Problem statement
A faithful copy of all the records is needed, with the pictures omitted.

**** Data provided ****

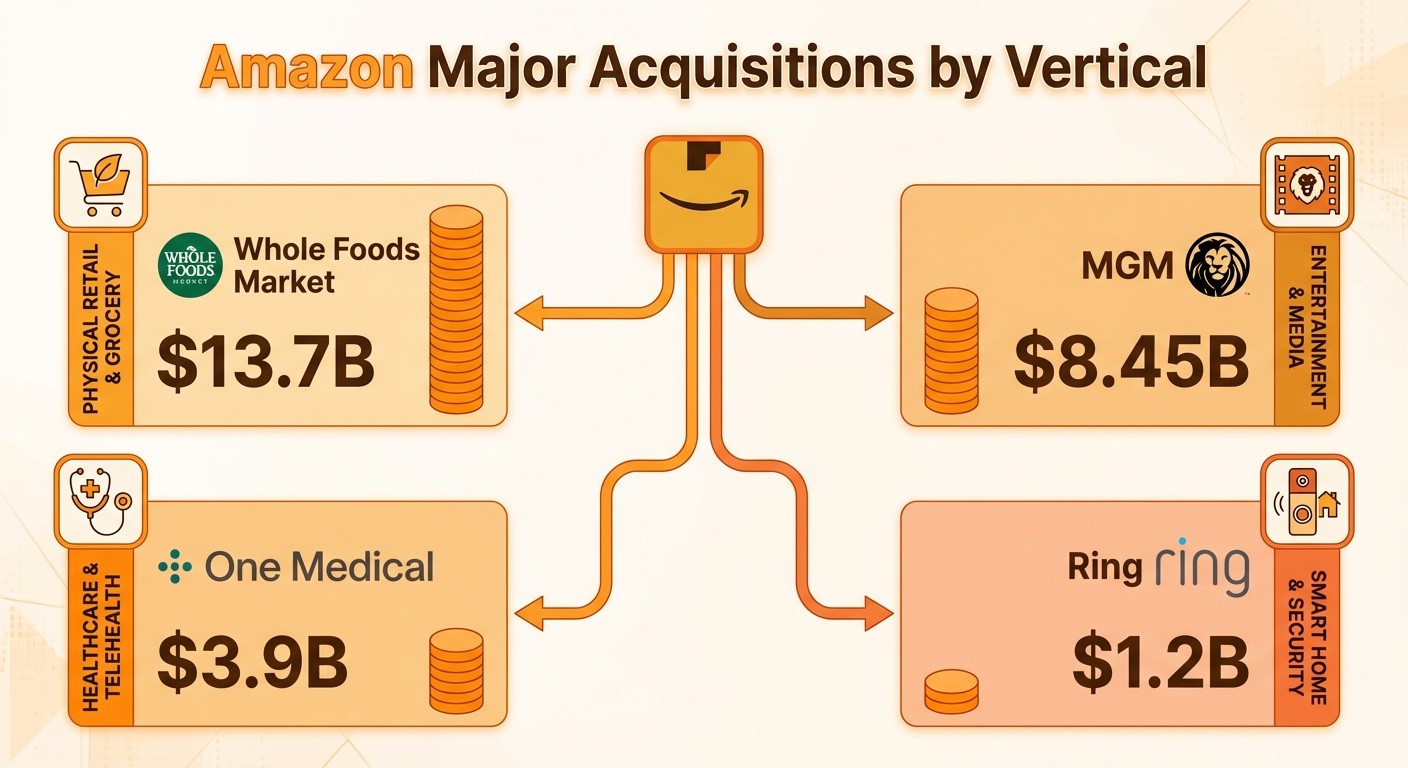 Amazon Acquisition Verticals - Business sectors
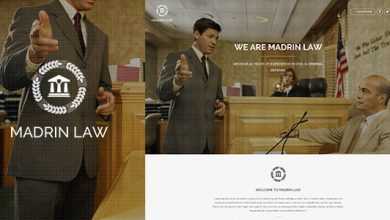 Photo of [Download-S2] Madrin - One Page Law Firm Wordpress Template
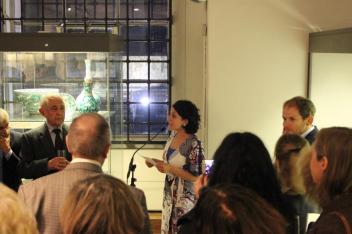 Frá opnun sýningarinnar í Breska þjóðminjasafninu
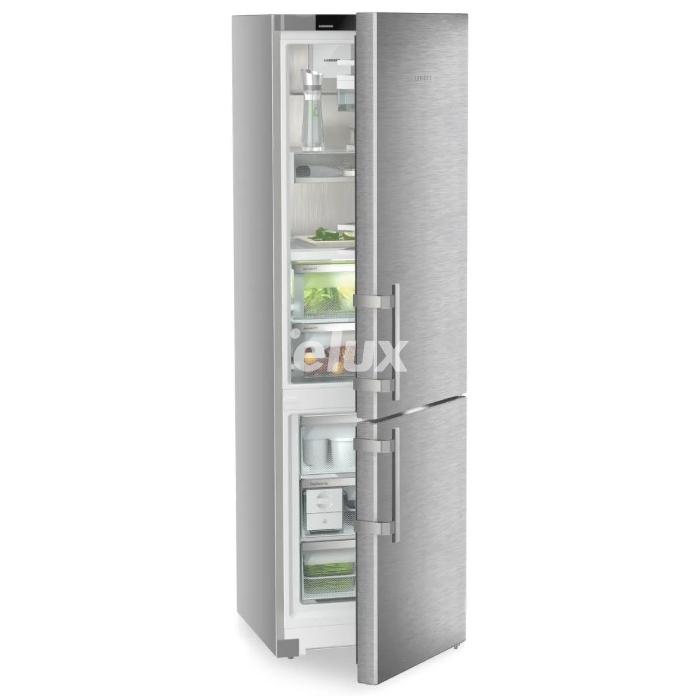 Külmik Liebherr Plus, 185,5 cm, 181/133 l, 34 dB, puutetundlik, NoFrost, rv teras
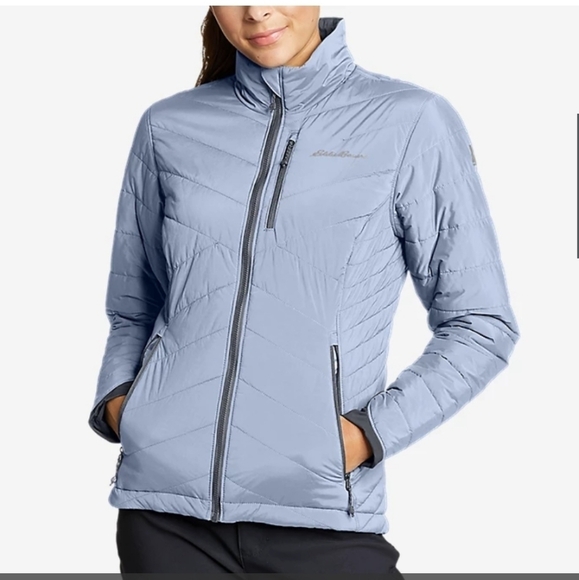 NWT reversible Ignitelite strech jacket in dusty blue Size Med Tall - Picture 1 of 12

****

Reply
 Amazon Acquisition Verticals - Business sectors
 Photo of [Download-S2] Madrin - One Page Law Firm Wordpress Template
 Frá opnun sýningarinnar í Breska þjóðminjasafninu
 Külmik Liebherr Plus, 185,5 cm, 181/133 l, 34 dB, puutetundlik, NoFrost, rv teras
 NWT reversible Ignitelite strech jacket in dusty blue Size Med Tall - Picture 1 of 12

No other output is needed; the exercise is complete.